ASSIGNED TASK: Wherever the string "Logo" shows up in the records below, return that line.

┄┄┄┄┄┄┄┄┄┄┄┄┄┄┄┄┄┄┄┄

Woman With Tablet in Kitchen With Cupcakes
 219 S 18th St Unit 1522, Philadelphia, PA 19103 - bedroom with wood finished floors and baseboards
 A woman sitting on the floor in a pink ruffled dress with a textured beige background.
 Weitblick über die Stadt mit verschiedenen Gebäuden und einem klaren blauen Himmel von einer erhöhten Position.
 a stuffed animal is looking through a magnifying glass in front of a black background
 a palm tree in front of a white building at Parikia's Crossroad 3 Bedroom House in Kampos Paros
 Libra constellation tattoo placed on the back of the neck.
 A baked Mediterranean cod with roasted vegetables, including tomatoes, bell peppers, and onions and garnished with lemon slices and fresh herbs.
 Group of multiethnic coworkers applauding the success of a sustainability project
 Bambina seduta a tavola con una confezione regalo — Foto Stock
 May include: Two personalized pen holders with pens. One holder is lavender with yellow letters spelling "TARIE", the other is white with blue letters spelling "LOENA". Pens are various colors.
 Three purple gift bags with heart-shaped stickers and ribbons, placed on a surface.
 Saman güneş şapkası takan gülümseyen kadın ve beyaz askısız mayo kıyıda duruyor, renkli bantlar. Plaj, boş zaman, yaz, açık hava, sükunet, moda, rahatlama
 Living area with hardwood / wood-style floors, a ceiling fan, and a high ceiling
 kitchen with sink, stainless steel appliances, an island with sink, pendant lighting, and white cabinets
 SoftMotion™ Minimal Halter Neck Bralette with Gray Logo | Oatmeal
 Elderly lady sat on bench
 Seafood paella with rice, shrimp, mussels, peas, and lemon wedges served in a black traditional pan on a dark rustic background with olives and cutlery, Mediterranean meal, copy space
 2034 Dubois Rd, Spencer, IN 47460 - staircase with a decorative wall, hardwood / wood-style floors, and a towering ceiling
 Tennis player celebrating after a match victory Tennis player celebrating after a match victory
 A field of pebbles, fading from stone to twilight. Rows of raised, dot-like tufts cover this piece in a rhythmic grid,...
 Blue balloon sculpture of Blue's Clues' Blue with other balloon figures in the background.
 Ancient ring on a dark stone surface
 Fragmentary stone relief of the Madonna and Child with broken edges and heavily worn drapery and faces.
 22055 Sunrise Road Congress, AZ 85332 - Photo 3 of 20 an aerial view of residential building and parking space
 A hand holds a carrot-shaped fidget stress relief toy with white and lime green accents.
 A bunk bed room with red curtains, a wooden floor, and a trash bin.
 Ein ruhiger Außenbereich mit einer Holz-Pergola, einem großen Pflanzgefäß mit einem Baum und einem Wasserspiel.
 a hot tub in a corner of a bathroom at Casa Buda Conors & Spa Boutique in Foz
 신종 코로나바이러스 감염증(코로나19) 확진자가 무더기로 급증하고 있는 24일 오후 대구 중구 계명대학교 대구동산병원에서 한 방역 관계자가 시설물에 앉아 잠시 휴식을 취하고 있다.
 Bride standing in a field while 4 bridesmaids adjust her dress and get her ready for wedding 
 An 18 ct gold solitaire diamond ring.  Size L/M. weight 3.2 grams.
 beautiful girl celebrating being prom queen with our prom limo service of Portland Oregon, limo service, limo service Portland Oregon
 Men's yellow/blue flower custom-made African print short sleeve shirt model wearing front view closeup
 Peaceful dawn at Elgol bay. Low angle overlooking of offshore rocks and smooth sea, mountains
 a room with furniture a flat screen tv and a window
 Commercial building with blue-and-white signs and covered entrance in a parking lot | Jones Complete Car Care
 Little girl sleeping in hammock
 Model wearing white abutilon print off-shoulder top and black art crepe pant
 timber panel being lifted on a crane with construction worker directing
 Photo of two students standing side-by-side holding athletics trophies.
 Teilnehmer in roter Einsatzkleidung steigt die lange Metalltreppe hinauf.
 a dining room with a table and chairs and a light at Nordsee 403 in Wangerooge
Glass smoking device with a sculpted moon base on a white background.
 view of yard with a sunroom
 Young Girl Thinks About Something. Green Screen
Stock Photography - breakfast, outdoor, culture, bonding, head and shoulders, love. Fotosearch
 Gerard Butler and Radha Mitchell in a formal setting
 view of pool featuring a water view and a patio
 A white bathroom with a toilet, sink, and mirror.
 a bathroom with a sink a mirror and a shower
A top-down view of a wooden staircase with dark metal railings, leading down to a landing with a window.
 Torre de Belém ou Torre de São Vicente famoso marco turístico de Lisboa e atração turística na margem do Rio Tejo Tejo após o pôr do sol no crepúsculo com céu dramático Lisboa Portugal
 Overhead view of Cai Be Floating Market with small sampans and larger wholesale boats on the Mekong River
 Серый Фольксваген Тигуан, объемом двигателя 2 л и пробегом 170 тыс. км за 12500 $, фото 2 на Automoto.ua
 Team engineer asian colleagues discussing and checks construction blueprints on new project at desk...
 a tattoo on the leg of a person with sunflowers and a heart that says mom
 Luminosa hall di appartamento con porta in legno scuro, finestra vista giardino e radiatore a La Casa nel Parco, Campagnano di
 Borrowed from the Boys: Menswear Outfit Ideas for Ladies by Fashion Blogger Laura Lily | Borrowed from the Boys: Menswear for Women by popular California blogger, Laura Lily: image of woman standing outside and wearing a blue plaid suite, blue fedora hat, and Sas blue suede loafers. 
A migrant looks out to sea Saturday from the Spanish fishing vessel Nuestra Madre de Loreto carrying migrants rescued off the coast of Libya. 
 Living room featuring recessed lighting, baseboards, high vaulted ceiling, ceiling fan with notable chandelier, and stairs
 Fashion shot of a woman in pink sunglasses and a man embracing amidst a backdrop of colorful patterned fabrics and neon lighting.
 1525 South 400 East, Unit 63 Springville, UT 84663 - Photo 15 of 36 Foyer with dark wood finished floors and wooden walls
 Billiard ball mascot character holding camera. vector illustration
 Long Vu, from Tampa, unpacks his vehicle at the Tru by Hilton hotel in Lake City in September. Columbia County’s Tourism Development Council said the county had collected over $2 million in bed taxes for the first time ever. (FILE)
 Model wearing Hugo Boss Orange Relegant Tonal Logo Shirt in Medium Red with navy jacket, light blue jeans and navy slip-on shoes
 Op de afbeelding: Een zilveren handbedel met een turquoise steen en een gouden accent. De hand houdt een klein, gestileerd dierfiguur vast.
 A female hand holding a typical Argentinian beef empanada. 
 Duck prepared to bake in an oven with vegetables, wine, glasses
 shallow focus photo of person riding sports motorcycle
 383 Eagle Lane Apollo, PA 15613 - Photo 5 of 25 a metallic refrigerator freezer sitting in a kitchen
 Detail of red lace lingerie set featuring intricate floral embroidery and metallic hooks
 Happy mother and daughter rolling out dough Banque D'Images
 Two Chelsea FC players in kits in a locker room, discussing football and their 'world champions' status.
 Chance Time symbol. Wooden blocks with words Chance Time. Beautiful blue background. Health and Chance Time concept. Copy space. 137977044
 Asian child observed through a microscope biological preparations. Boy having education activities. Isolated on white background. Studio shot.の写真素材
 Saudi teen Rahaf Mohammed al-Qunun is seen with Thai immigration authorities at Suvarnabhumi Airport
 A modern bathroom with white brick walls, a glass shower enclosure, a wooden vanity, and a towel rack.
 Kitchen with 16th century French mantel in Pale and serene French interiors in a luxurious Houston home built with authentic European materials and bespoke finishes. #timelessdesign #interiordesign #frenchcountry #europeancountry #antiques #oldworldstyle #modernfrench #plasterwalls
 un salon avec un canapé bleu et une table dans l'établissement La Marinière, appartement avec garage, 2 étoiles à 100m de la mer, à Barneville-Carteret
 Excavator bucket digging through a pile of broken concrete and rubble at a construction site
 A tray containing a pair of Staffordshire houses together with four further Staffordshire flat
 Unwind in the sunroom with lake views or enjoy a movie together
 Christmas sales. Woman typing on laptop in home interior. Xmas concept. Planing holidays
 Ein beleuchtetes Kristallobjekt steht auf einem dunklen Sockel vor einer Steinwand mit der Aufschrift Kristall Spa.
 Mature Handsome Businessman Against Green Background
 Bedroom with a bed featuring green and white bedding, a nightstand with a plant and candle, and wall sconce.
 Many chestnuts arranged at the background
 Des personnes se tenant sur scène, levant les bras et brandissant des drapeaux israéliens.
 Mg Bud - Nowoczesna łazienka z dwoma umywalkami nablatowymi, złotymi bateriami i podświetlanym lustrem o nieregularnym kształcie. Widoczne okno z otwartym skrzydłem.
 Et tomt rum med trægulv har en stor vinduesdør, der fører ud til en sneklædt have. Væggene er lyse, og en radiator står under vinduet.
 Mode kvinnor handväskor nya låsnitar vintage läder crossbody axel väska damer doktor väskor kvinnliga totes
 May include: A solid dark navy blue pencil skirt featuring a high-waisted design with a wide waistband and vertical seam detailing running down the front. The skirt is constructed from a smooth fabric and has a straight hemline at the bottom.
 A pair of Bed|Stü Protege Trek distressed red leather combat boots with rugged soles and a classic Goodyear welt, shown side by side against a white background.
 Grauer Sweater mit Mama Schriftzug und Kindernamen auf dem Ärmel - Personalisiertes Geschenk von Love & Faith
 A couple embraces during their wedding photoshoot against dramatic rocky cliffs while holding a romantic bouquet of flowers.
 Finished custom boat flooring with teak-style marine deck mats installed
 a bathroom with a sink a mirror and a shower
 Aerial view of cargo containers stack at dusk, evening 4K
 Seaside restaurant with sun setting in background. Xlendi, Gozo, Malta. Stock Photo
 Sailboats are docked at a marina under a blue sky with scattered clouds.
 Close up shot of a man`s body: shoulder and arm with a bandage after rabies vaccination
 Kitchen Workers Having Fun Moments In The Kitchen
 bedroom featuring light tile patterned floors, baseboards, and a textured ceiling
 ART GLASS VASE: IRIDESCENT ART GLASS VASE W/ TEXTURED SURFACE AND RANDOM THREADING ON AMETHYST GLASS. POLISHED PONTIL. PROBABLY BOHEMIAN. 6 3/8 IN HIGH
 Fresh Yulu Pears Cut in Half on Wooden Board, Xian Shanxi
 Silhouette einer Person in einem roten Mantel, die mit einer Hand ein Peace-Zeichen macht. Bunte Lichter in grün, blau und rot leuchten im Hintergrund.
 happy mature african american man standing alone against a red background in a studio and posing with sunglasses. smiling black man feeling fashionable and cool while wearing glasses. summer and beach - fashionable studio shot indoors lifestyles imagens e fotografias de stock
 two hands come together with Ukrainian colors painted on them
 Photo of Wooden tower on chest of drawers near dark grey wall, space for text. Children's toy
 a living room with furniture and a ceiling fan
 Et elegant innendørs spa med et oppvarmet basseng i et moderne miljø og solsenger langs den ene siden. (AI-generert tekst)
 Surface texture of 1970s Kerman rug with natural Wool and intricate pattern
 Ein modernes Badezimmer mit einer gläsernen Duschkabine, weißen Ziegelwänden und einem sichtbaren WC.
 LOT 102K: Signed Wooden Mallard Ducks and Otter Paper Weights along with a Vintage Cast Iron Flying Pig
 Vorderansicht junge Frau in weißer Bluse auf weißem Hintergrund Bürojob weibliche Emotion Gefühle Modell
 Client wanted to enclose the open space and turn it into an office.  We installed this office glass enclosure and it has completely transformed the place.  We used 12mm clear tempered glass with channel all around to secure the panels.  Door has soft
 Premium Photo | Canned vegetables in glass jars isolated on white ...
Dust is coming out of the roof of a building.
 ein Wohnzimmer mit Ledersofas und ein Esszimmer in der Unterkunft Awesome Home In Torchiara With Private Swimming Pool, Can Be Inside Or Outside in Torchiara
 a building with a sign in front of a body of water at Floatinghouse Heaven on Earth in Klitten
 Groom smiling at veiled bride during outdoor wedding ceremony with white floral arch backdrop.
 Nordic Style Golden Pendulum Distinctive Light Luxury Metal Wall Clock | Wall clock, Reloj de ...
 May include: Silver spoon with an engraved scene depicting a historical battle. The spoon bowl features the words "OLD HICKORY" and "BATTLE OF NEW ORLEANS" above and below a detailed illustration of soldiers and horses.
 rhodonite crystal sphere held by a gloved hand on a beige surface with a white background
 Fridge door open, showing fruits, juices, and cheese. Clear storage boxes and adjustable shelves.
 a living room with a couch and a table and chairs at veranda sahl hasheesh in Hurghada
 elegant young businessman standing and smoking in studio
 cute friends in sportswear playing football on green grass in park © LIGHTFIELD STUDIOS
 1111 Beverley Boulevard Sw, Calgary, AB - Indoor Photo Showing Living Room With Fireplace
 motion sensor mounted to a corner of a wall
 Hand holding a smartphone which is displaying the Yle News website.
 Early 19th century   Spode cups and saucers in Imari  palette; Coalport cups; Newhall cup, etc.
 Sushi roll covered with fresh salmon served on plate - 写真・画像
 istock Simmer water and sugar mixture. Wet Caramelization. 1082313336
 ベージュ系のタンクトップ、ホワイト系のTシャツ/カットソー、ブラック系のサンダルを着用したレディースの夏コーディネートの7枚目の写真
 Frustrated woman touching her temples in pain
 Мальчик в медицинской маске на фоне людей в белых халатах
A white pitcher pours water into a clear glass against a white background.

┄┄┄┄┄┄┄┄┄┄┄┄┄┄┄┄┄┄┄┄

SOLUTION:
 SoftMotion™ Minimal Halter Neck Bralette with Gray Logo | Oatmeal
 Model wearing Hugo Boss Orange Relegant Tonal Logo Shirt in Medium Red with navy jacket, light blue jeans and navy slip-on shoes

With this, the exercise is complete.